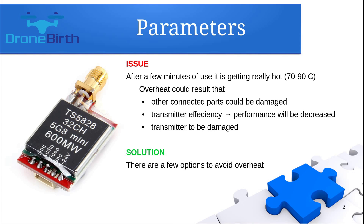However, after a few minutes of use it can get really hot, up to 90 degrees Celsius. This overheat could result in other connected parts being damaged, and definitely the transmitter efficiency and performance, so the range will be decreased. Also the transmitter itself can be damaged, but there are some solutions which I would like to show you.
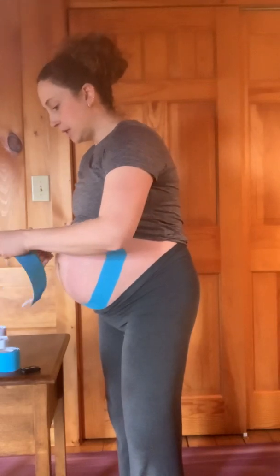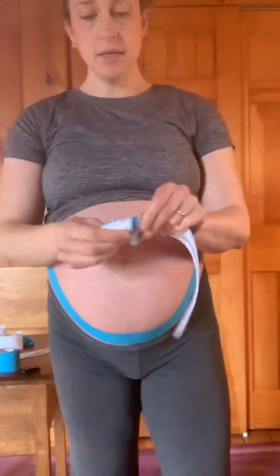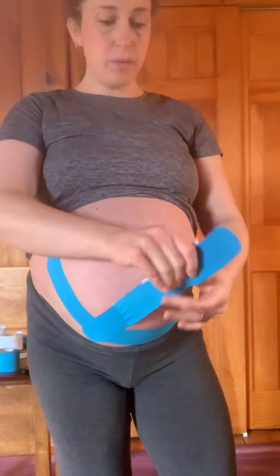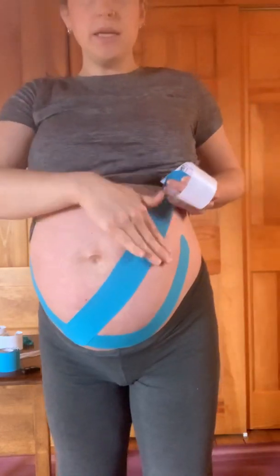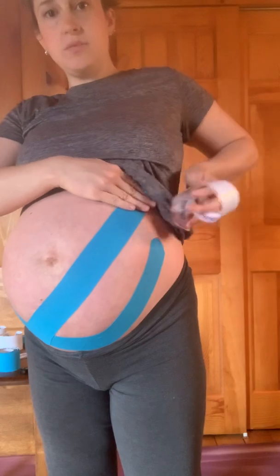I'm just rounding the edges here again. For these two pieces, you're going to take just the end, peeling it off and pulling the paper down just a little bit. I'm trying not to reposition my fingers if I've touched the adhesive. Come down low on the belly, right about here, overlapping with that first strip. Get that heat activated, then peel the paper off almost towards the end, coming under the belly button and across. I've got tension from about here to here, and then that last little bit, no tension — just lay it down flat.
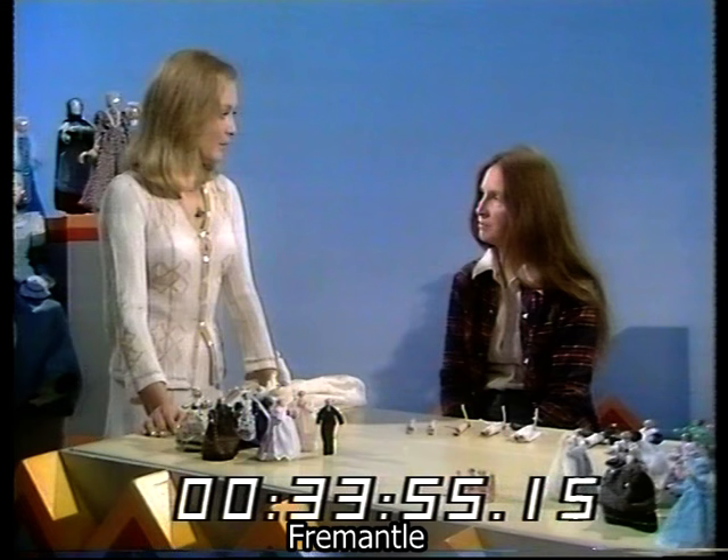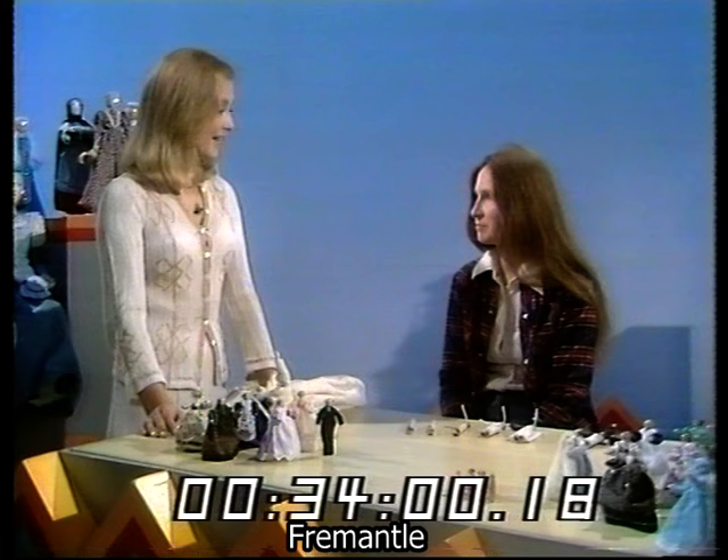So he carves them and paints them, and then I take over and dress them. Both of you did actually go to art college, so that must have been a help. Oh, a lot of help, because I was a dress design student before I became a painter, and John is a painter too.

EXERCISE
Skip every picture and transcribe the data above exactly.

TASK RESULT
However, after a few minutes of use it can get really hot, up to 90 degrees Celsius. This overheat could result in other connected parts being damaged, and definitely the transmitter efficiency and performance, so the range will be decreased. Also the transmitter itself can be damaged, but there are some solutions which I would like to show you.
I'm just rounding the edges here again. For these two pieces, you're going to take just the end, peeling it off and pulling the paper down just a little bit. I'm trying not to reposition my fingers if I've touched the adhesive. Come down low on the belly, right about here, overlapping with that first strip. Get that heat activated, then peel the paper off almost towards the end, coming under the belly button and across. I've got tension from about here to here, and then that last little bit, no tension — just lay it down flat.
So he carves them and paints them, and then I take over and dress them. Both of you did actually go to art college, so that must have been a help. Oh, a lot of help, because I was a dress design student before I became a painter, and John is a painter too.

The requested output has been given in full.